With corporate whistleblowers enjoying greater rewards and protections than ever—like those created by Dodd-Frank—companies must do more than simply pledge to combat unlawful and unethical conduct in order to compete with those external rewards. A company’s best defense against such whistleblowing actions includes not only compliance with the law, but a workplace culture in which employees consider themselves to be allies of the company in achieving that compliance. That alliance can help ensure not only that employees engage in lawful and ethical conduct, but that they handle concerns in a manner that is consistent with the well-being of the company, such as reporting concerns internally first rather than rushing to external sources. To promote a more collaborative culture, employers should take a fresh look at how they train managers and communicate support for internal reporting.

Training managers not just on antiharassment and antiretaliation policies, but on fostering a culture of civility, respect, and ethical behavior, are among the most important steps a company can take to develop a collaborative culture. Training that includes interactive discussions and role-playing can be particularly effective in demonstrating the type of workplace culture the employer expects.
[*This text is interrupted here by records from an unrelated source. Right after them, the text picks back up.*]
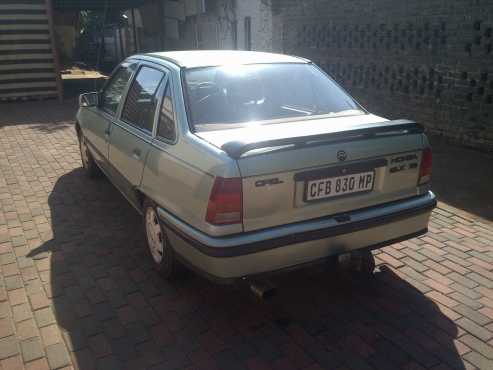 1989 Opel monza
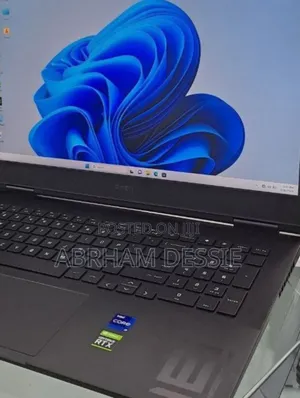 New Laptop HP Omen 16 16GB Intel Core I9 SSD 1T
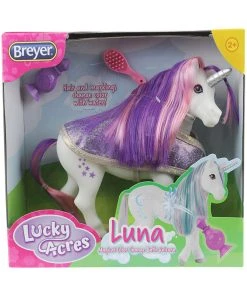 Breyer Luna - Color Changing Bath Toy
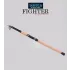 FIGHTER 100 X5000 TELE 210 CM 50-100G MIX KARBON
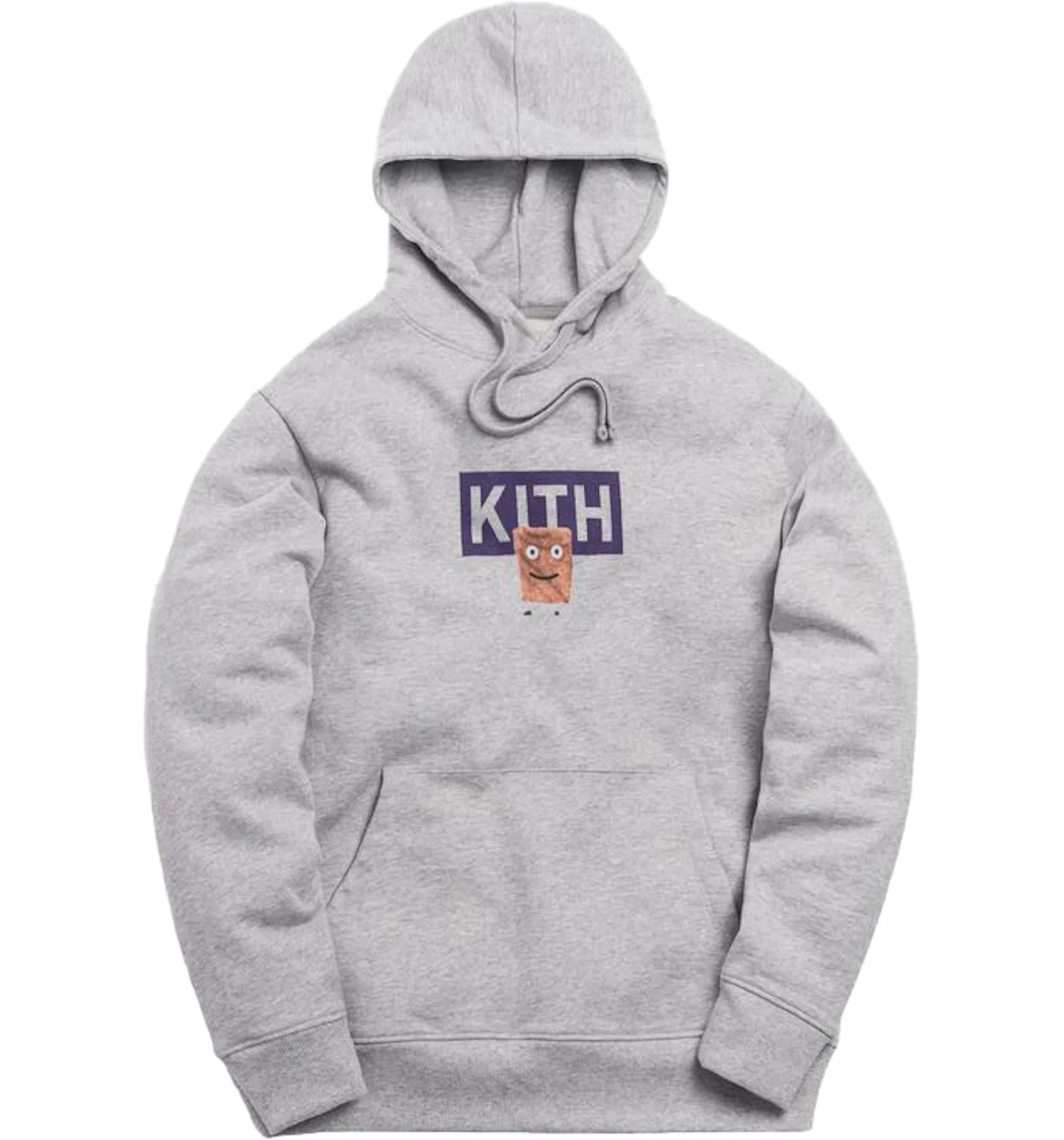 Kith captain sales crunch hoodie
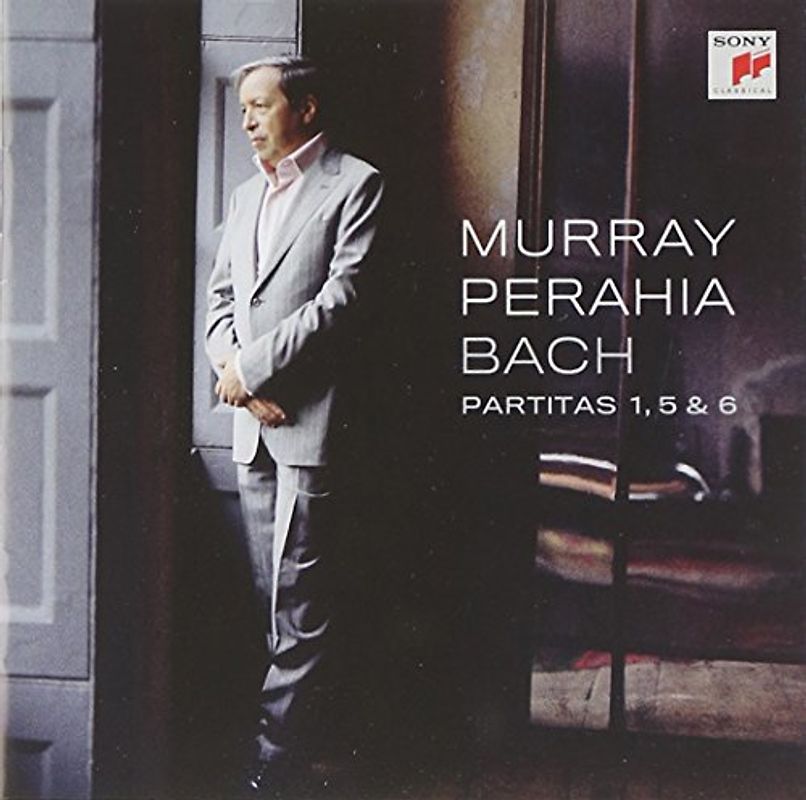 Murray Perahia - Partiten 1,5 & 6, BWV 825, 829, 830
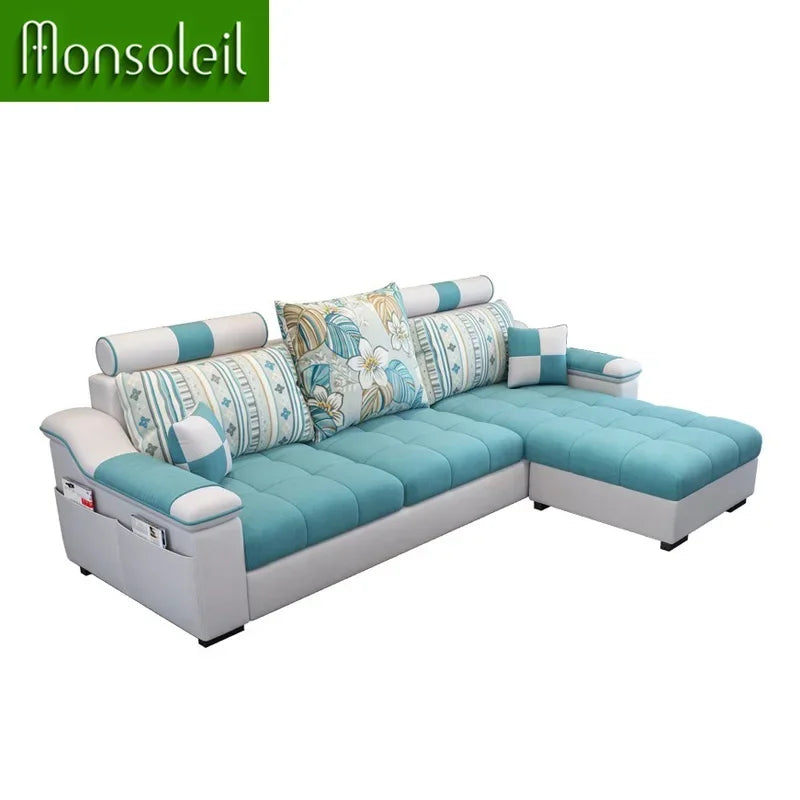 Events Salon Living Room Sofas Comfortable Ergonomic Arm Cute Balcony Living Room Sofas Relaxing Divano Ornaments Home Decor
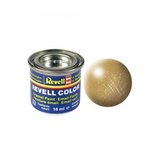Revell boja zlata metallic14ml 3704 ( RV32194/3704 ) RV32194/3704
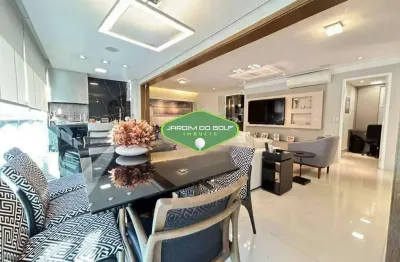 Apartamento com 3 quartos à venda na Rua Bacaetava, Itaim Bibi, São Paulo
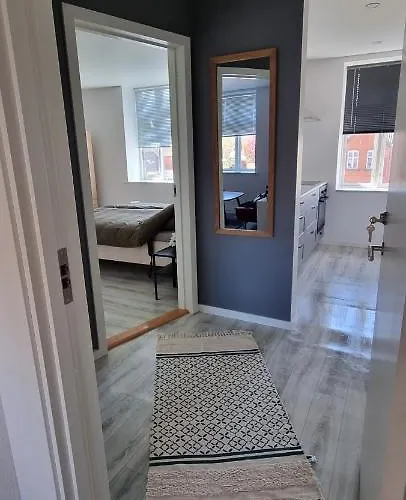 Appartement Storebaelt Korsør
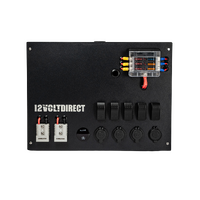 12 Volt Direct Canopy Power Control Box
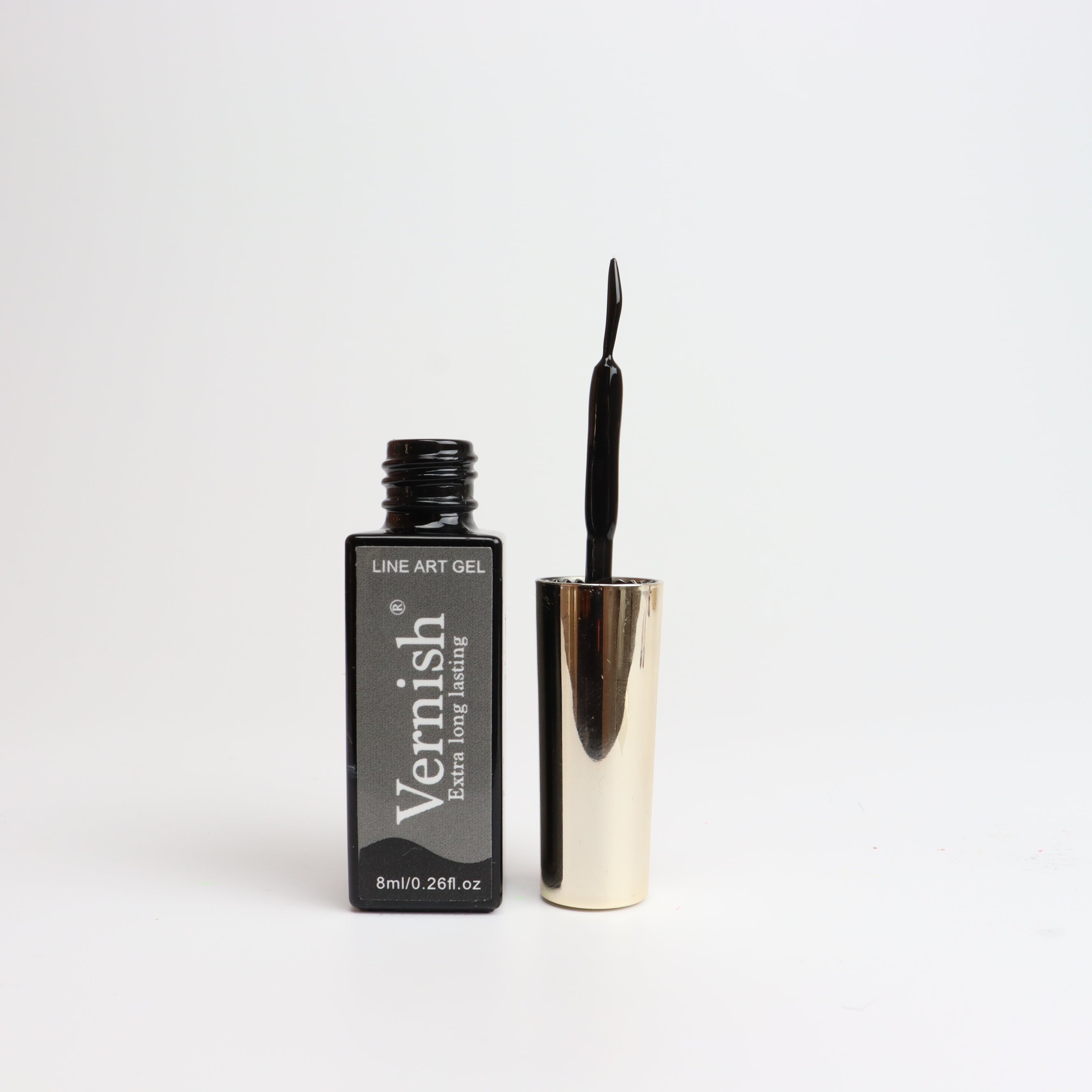 Nail Art Liner Svart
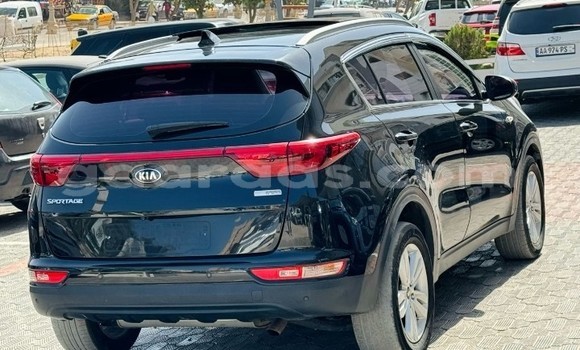 Buy Used Kia Sportage Black Car in Dakar in Dakar Buy Used Kia Sportage Black Car in Dakar in Dakar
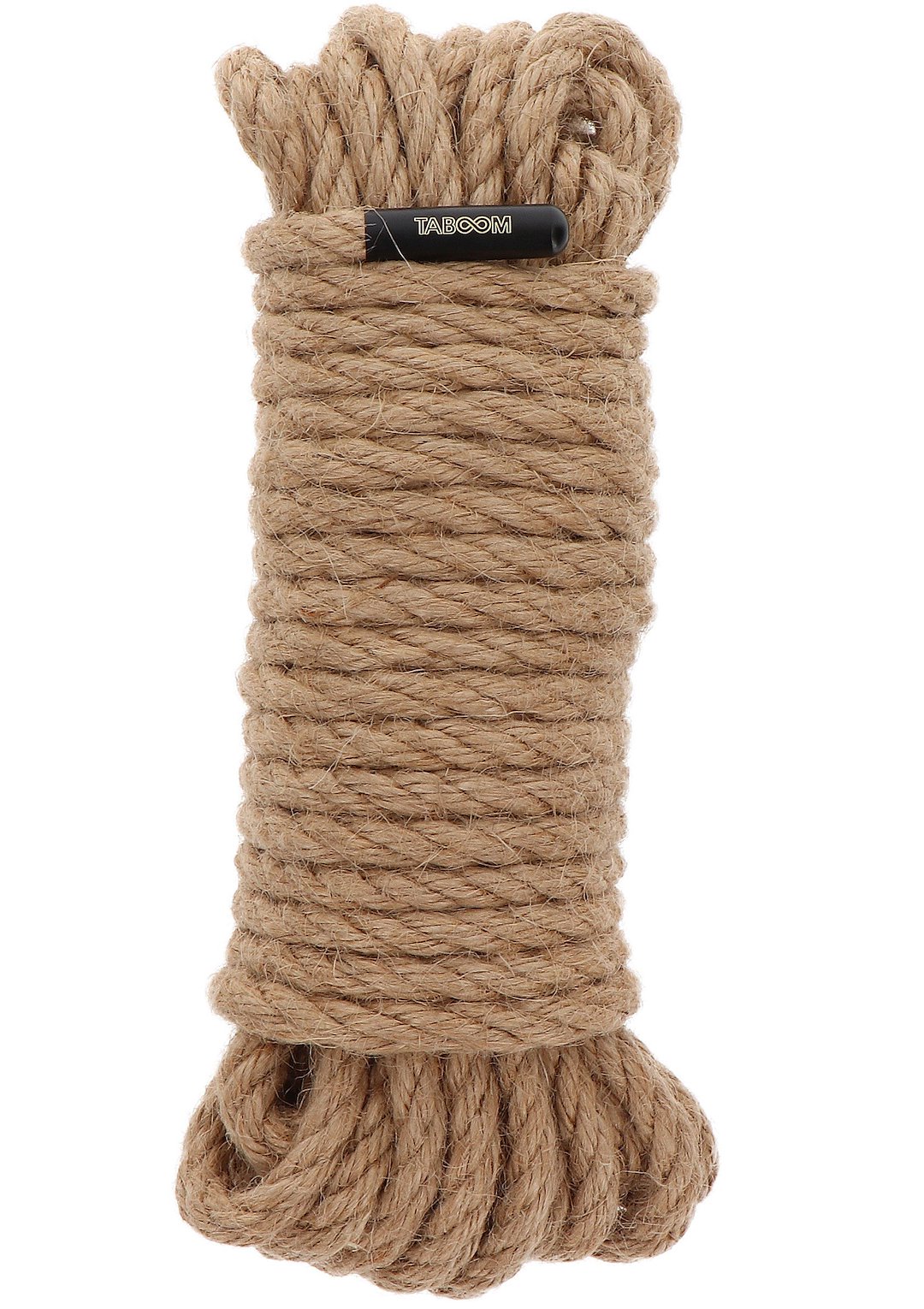 Hemp Rope 10 Meter 7 mm — zdjęcie 3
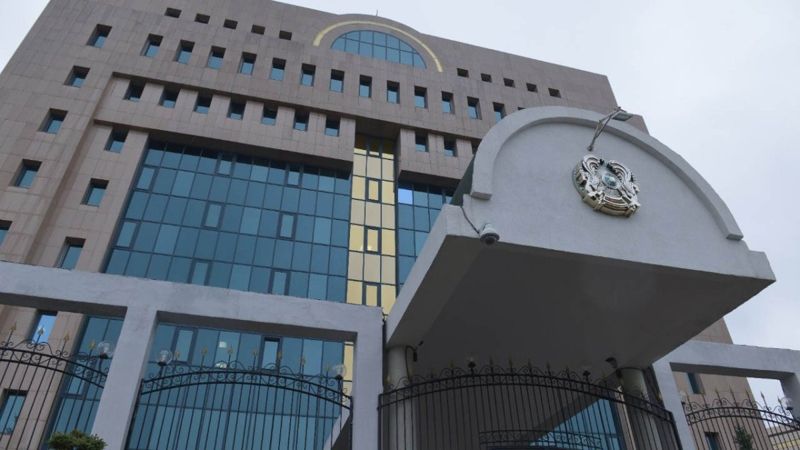 Кто вошел в состав ЦИК Казахстана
Other aspects of manager training should include specific guidance such as:

  • How to Recognize an Internal Report: Complaints need not contain any magic words that identify a legal or ethical violation. Train managers to ask questions so that they understand the underlying issue. The company will be much better positioned to act appropriately if it knows of the potential violation early on.
  • What to Do Once a Report Has Been Lodged: A manager’s initial reaction to an employee’s concerns will set the stage for future interactions. Rather than be quick to defend the company or minimize the employee’s concerns, all managers should know to inform a complaining employee that the company appreciates his or her stepping forward, and that no retaliation will occur, even if the subsequent investigation reveals no actual wrongdoing. Supplying managers with a checklist or handout regarding the company’s investigative and antiretaliation policies will better ensure that managers provide an appropriate response to the employee and immediately pass the report on to those who will ultimately be responsible for determining the course of the investigation.
  • How to Avoid a Retaliation Claim: First and foremost, the company should be clear that it prohibits retaliation against employees. Further, it should ensure that documentation and ongoing performance management is a part of the ordinary course of business. Performance management means not waiting until the annual review period to inform an employee about performance issues; it also requires managers to document all discussions and feedback provided to employees. Not only does strong performance management make an employee more likely to succeed, but an employee who knows that any past performance issues are well-documented will be less likely to have a viable retaliation claim.

Similarly, a company’s well-communicated support for internal reporting conveys that the company values both ethical behavior and what its employees have to say. To that end, companies should establish regular employee communications (e.g., via monthly newsletters, staff meetings, and handbook updates) that address the importance the company places on compliance with its legal duties, ethical obligations, and its own code of conduct, as well as each individual’s stake in ensuring such compliance. Be clear that the company expects all employees, contractors, consultants, and agents to report any concerns regarding past, ongoing, or potential wrongdoing.

To further encourage internal reporting, companies should make multiple reporting channels available, but developing the best mechanisms for internal reports can be a challenge. For example, anonymous reporting options, although legally required for issues arising under Sarbanes-Oxley, have their downsides for other ethical or legal compliance concerns. These downsides include, among others, difficulties in investigating vague reports. Accordingly, companies should do their best to make non-anonymous options appealing to employees by clearly communicating that employees will not be subject to retaliation and will be provided the highest level of confidentiality possible.